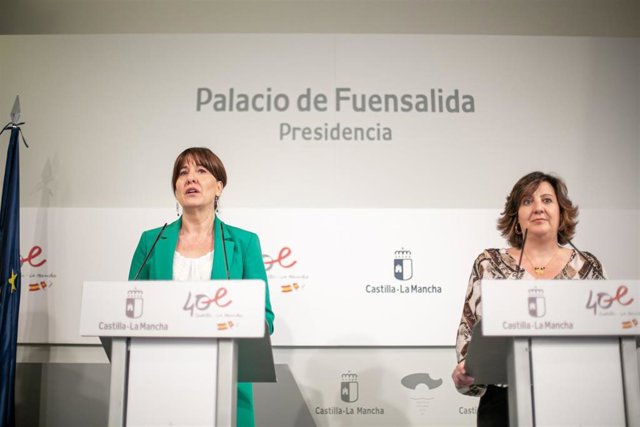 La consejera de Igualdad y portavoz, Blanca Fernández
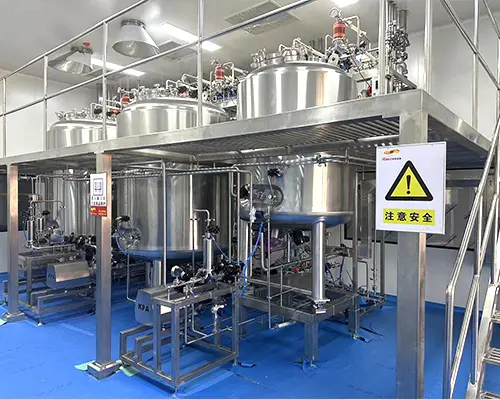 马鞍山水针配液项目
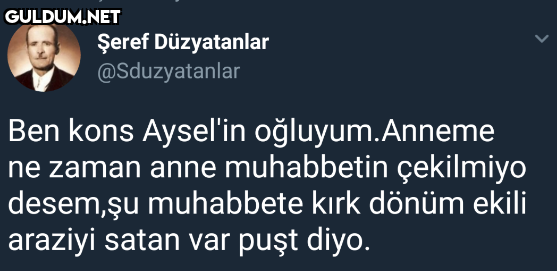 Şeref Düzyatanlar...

--

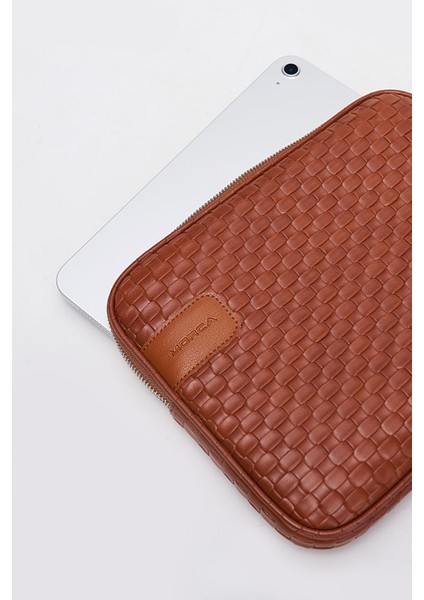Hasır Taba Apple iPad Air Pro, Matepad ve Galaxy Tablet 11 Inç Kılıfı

Task => Take the entries above and copy exactly the lines starting at the one with "La consejera de" and ending at the one with "Şeref Düzyatanlar..."; nothing outside that span, and no pictures.

Result for this task =>
 La consejera de Igualdad y portavoz, Blanca Fernández
 马鞍山水针配液项目
 Şeref Düzyatanlar...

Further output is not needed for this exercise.